● Material shown:
--*--
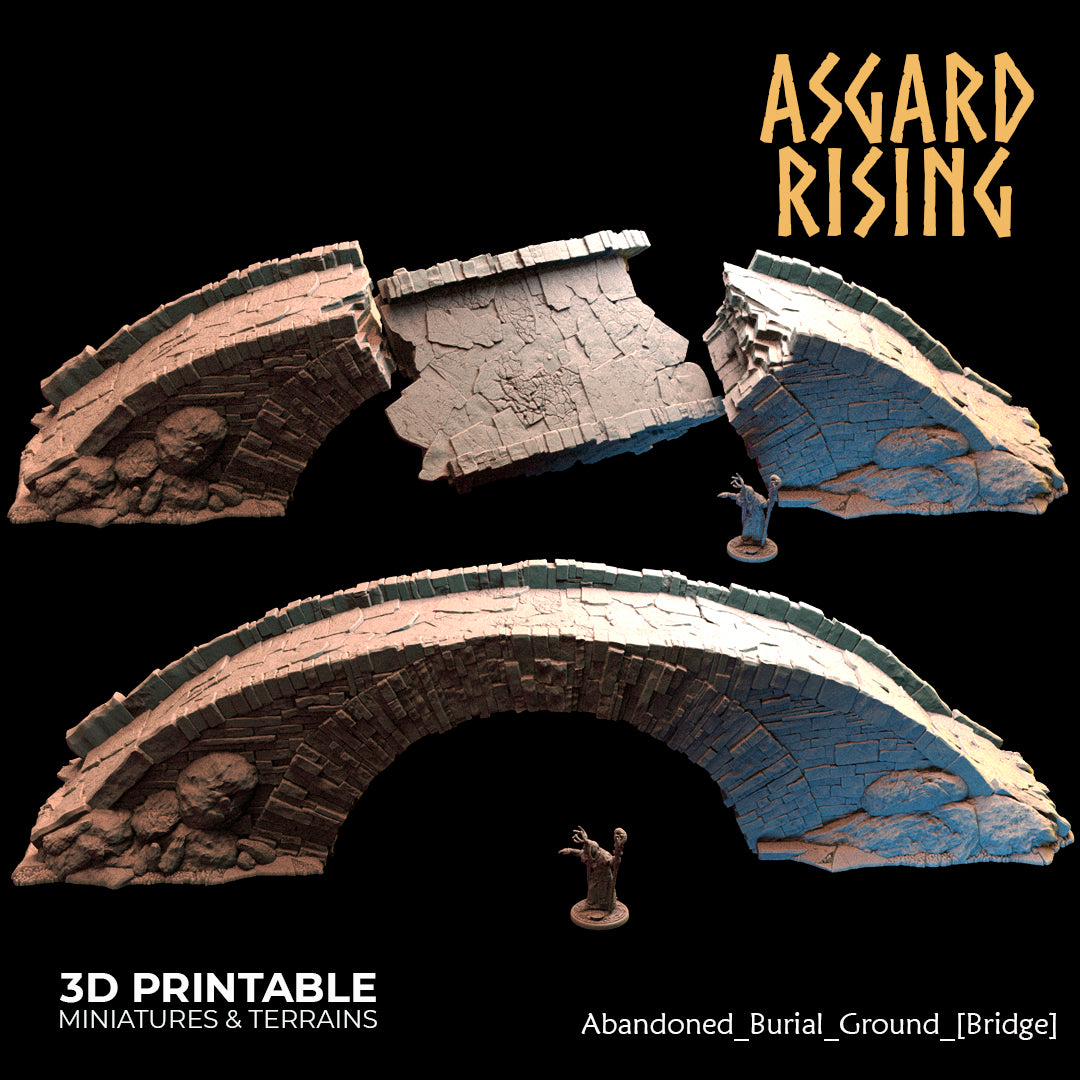 Large Modular Bridge (Damaged or Undamaged) - Asgard Rising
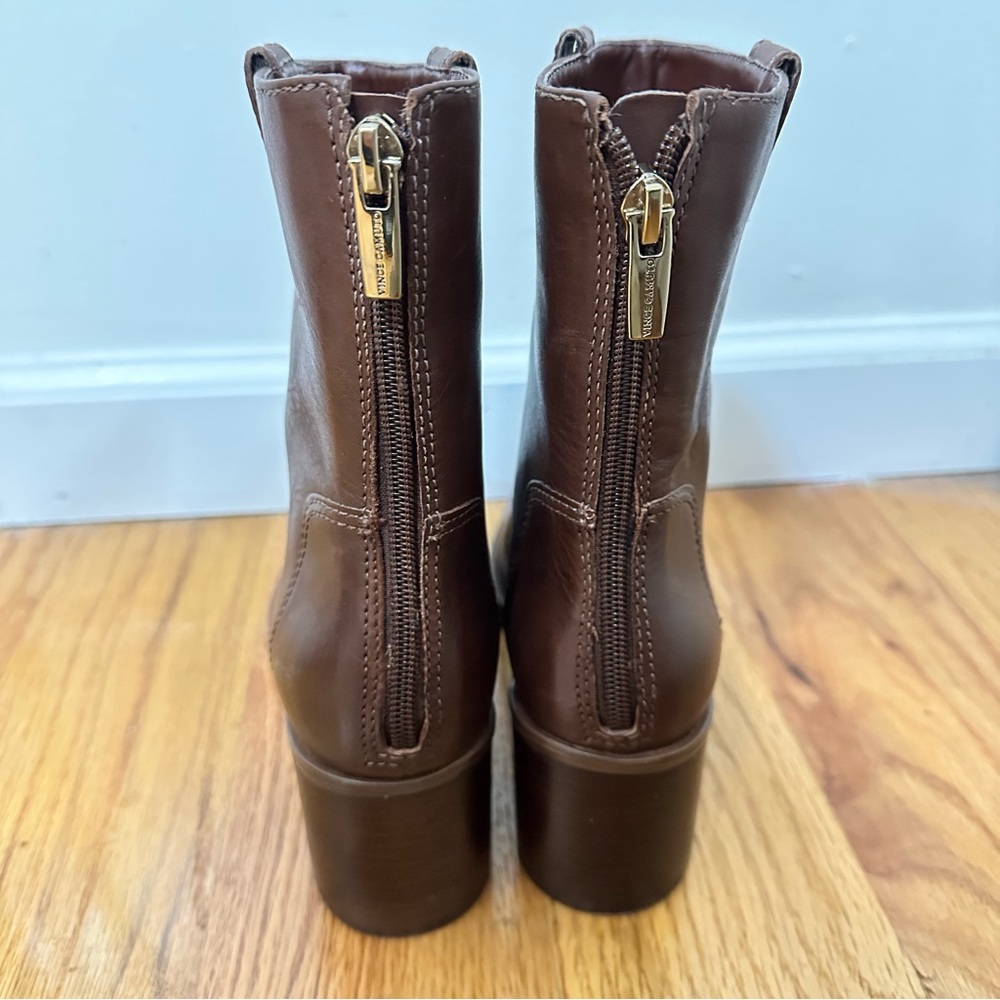 Vince camuto zanilla chocolate leather boots 🤎 women’s size 7.5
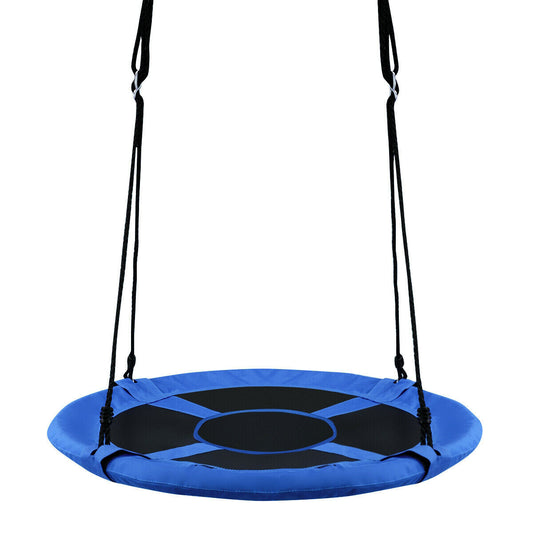 40 Inch Flying Saucer Tree Swing, Indoor Outdoor Play Set, Blue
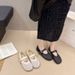French Retro Mary Jane Shoes Fairy Style Versatile Breathable Hollow Word With Single Shoes_vogvips.com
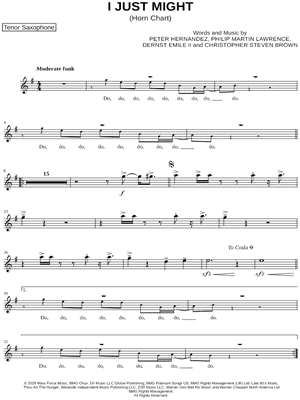 I Just Might - Tenor Sax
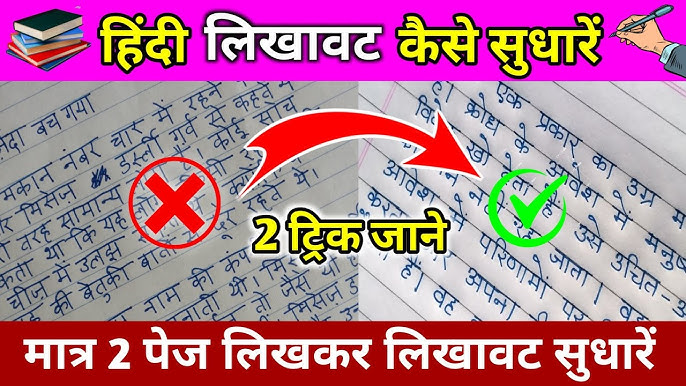 Hand Writing Kaise Sudhare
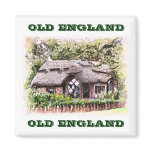 OLD ENGLAND THATCHED COTTAGES UK MAGNET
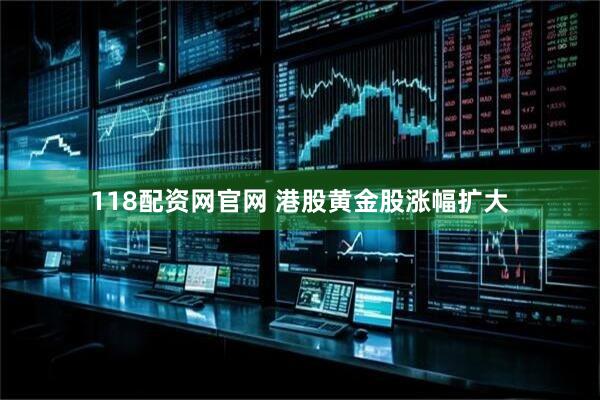 118配资网官网 港股黄金股涨幅扩大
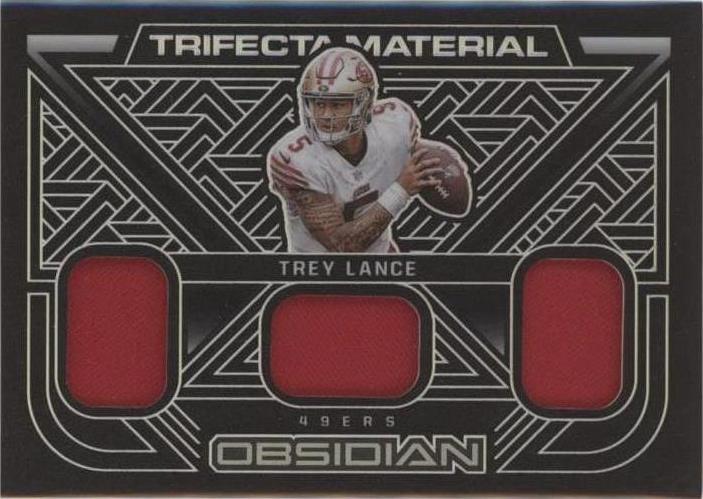 2022 Panini Obsidian Trey Lance #TFM-TLA - 1 of 2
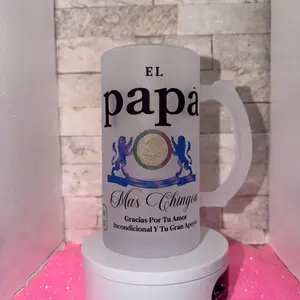 16 oz Reusable Washable Beer Mug - EL PAPA MAS CHINGON BLUE Kitchen Drinkware Cup, Ideal Beverage Container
--*--
● Problem details:
Your copy should hold all the data word for word. It should hold no pictures.

● Answer space:
 Large Modular Bridge (Damaged or Undamaged) - Asgard Rising
 Vince camuto zanilla chocolate leather boots 🤎 women’s size 7.5
 40 Inch Flying Saucer Tree Swing, Indoor Outdoor Play Set, Blue
French Retro Mary Jane Shoes Fairy Style Versatile Breathable Hollow Word With Single Shoes_vogvips.com
 I Just Might - Tenor Sax
 Hand Writing Kaise Sudhare
 OLD ENGLAND THATCHED COTTAGES UK MAGNET
 118配资网官网 港股黄金股涨幅扩大
 2022 Panini Obsidian Trey Lance #TFM-TLA - 1 of 2
 16 oz Reusable Washable Beer Mug - EL PAPA MAS CHINGON BLUE Kitchen Drinkware Cup, Ideal Beverage Container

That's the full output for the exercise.